The state of California is set to pounce, so—big surprise!—Uber is playing Silicon Valley’s favorite get out of jail card: the “platform defense.” As in, “Judge, I couldn’t have committed the crime, I was a platform at the time.”
In the process, however, Uber may have helped energize critics who insist that Big Tech companies be held to account for their toxic negligence.
Quick backstory: California’s legislature this week passed, and Governor Gavin Newsom is expected to sign, a landmark bill designed to protect, among others, Uber and Lyft drivers—workers who punch the clock every day for employers, but are nonetheless treated as independent contractors. You know, as if the drivers are just a bunch of free agents who pick up customers as part of passenger-moving business plan they drew up and have begun executing.
The measure, called AB5, would instead require that a company treat its workers as employees if they exert control over how they perform their tasks or if their work is part of the company’s regular business. (And they certainly do.) The idea is to distinguish between workers who make the company tick and workers who are genuinely independent and are genuinely contracted to do sideline work.
The change in status mandated by the law would mean that the drivers—Uber and Lyft employ about 220,000 in California alone—be eligible for unemployment insurance and family leave, earn minimum wage and overtime, and have bargaining rights. By one estimate, Uber would need to spend $500 million to comply with the new law.
In the face of such an attention-focusing cost estimate, Uber’s top lawyer, Tony West, proffered an ingenious defense: The company’s drivers aren’t employees, even under the proposed new law, because Uber’s main business isn’t driving people around. The company, he told reporters on Wednesday, “is serving as a technology platform for several different types of digital marketplaces.” (Uber also offers food and freight delivery, along with rental bicycles and scooters.) Thus, West said, the whole ride-hailing project would fall “outside the course of Uber’s usual business,” as the law stipulates.
This peculiar definition of Uber’s business becomes important because the law was written to permit companies to hire genuine independent contractors—like the people who come by for a couple of days to paint the bathrooms a new color. Or, um, freelance journalists, who were among those getting exemptions.
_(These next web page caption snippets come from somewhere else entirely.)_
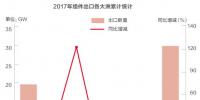 2018光伏行業(yè)產(chǎn)能過(guò)剩是真的還是“狼來(lái)了”？光伏企業(yè)如何應(yīng)對(duì)？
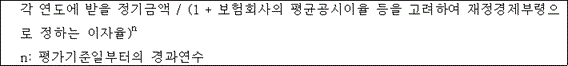 법령 계산식·도표
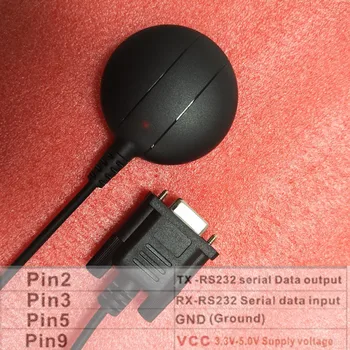 耐久性のある8ギガバイトメモリカード高精度タッチスクリーン高感度受信機モジュール7 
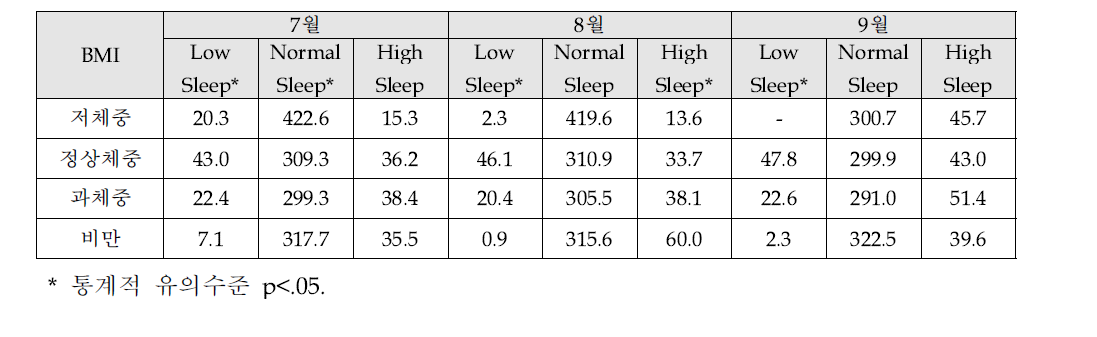 BMI에 따른 심박 구간별 평균 수면시간 비교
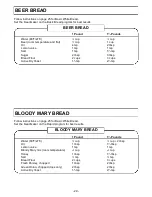 Preview for 29 page of Toastmaster Bread Box 1196 Use And Care Manual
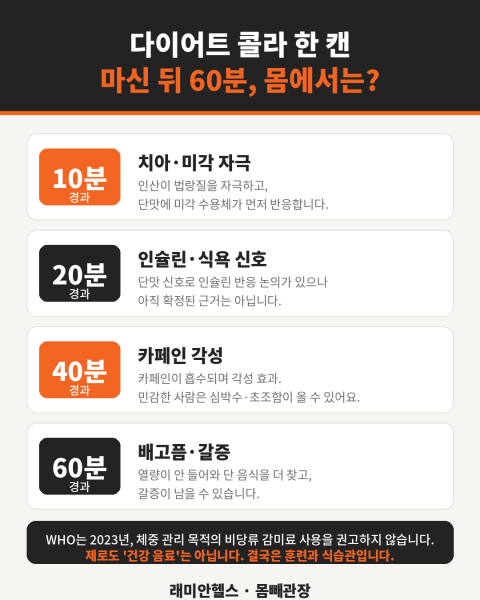 대흥동 PT 헬스 | 다이어트 콜라 한 캔이 우리 몸에서 실제로 어떻게 작동할까? - 1 - 20260714001548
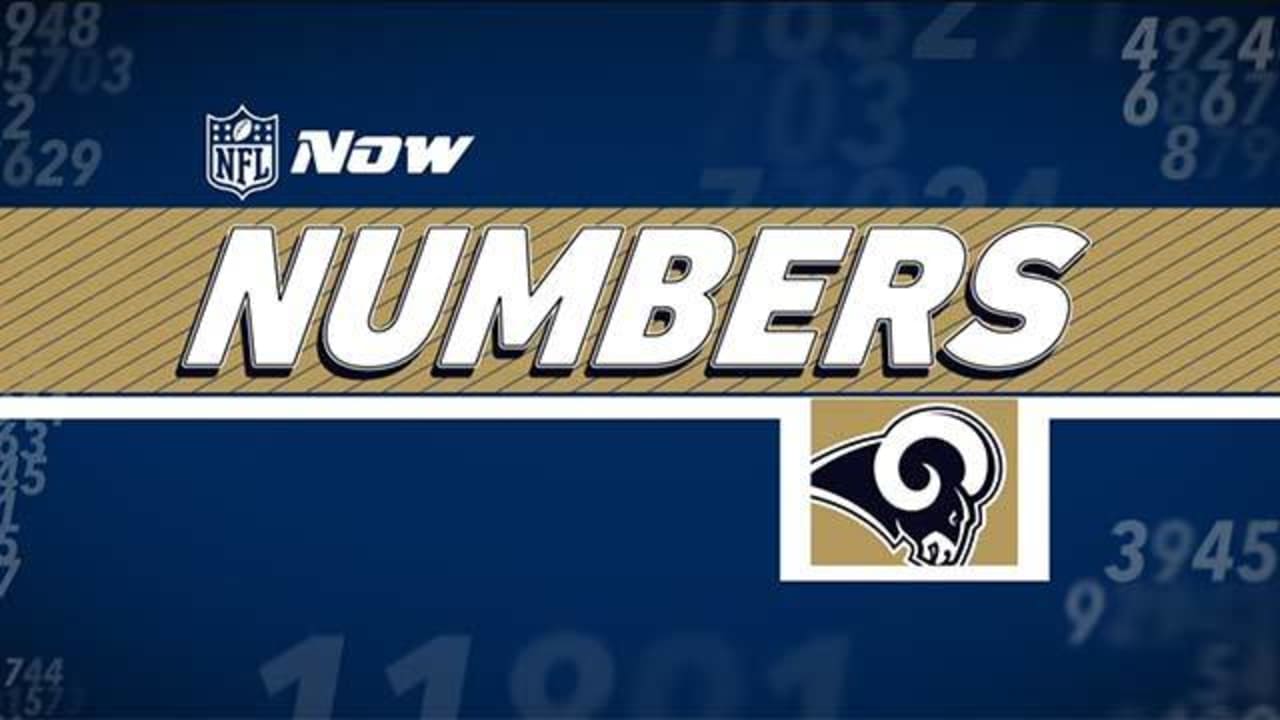 7 Rams Stats You Need to Know Heading into 2018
West took to Twitter to challenge reporters who interpreted his claim to mean that Uber was preparing not to comply with the law, should the governor sign it. To The New York Times, whose headline read “Uber Says It Is Not Subject to California Gig-Worker Law,” he replied: “This is completely wrong. @Uber will absolutely comply with the law—but the law does not ‘require contract workers to be reclassified as employees.’ I made that clear on a call today with your reporters.” Uber is a platform company, not a ride-hailing company—that’s their story and they’re sticking with it.
In reply to West, a New York Times reporter, Noam Schieber, posted on Twitter a snippet of dialog from a New York court case in which an Uber lawyer made this argument before a judge:
If you insist that drivers aren’t key to your business, apparently you end up making some bizarre U-turns. Yet Uber isn’t alone in denying in public what is obvious to anyone with a passing interest.
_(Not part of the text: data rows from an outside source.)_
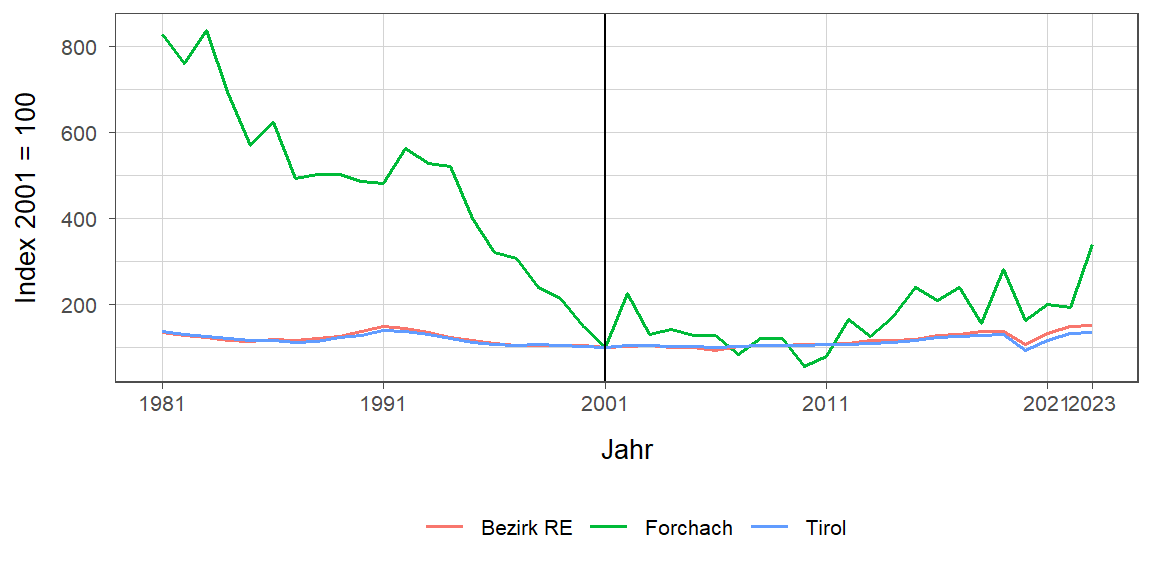 Liniendiagramm, beschreibt die zuvor beschriebenen Daten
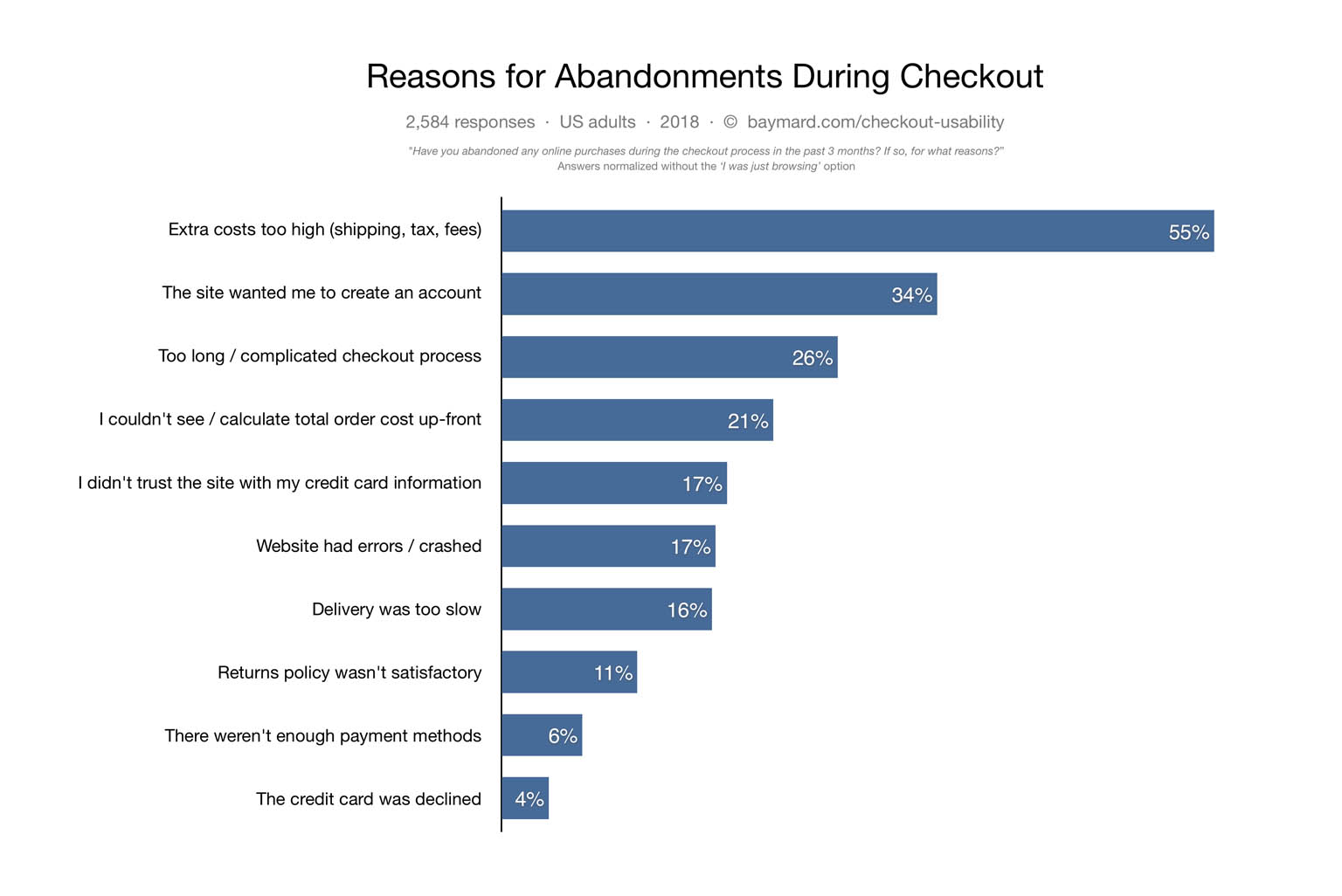 Baymard study cart abandonment
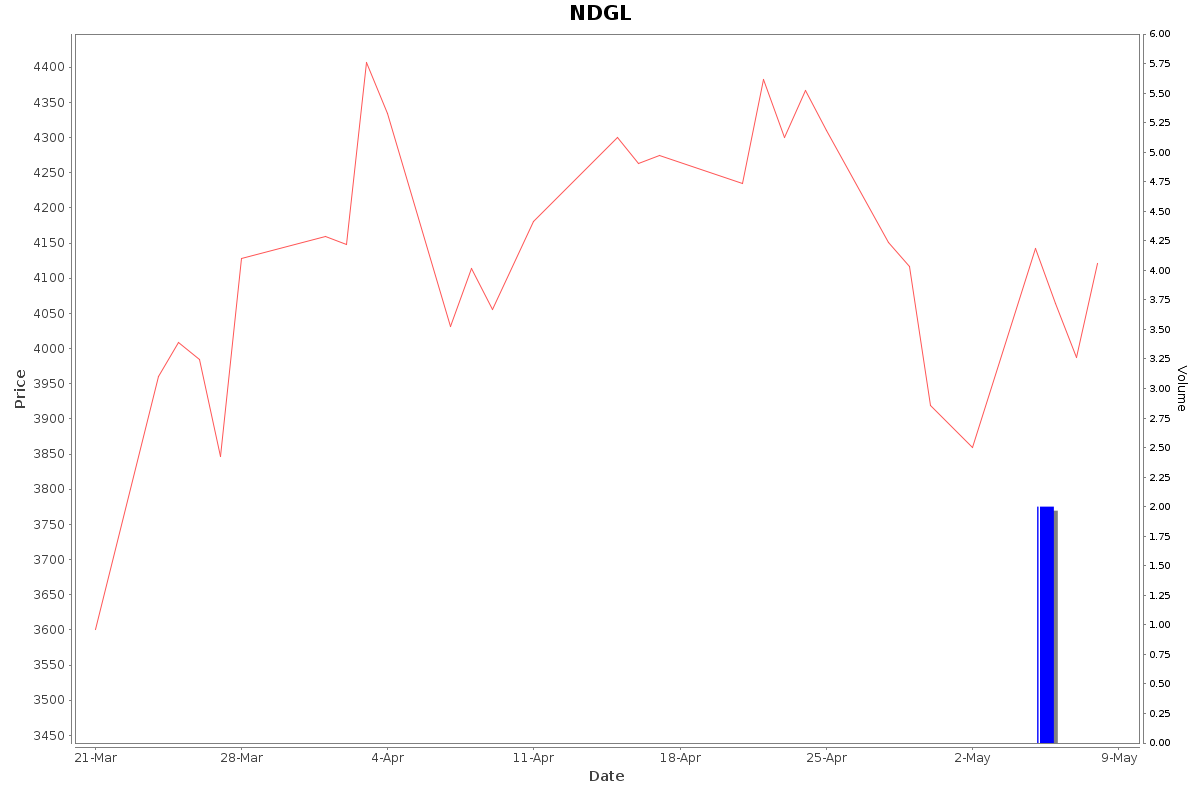 NDGL Daily Price Chart NSE Today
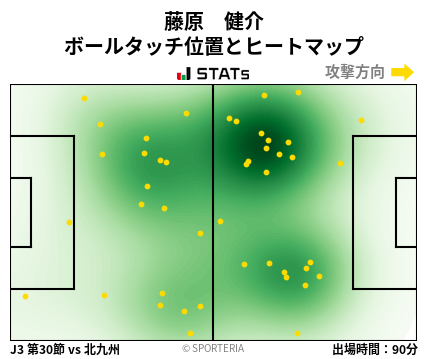ヒートマップ - 藤原　健介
By the same token, Facebook and Google insist they aren’t publishers. They are platforms, which publish works and apply algorithms so that people are sure to find what they want. White nationalism? Anti-vaccination pseudoscience? A publisher might care about spreading such material, but they aren’t that. They’re platforms, remember?
Airbnb isn’t a hotel. Do its hosts discriminate? Does it wreak havoc on neighborhoods? A hotel might be required to have zero tolerance about such abuses. A platform can shrug its shoulders.
YouTube isn’t a TV channel. Are young children marketed to with tawdry advertising? Do recommended videos encourage anger and isolation? A TV channel might care, or be required to care. But a platform? Oh well.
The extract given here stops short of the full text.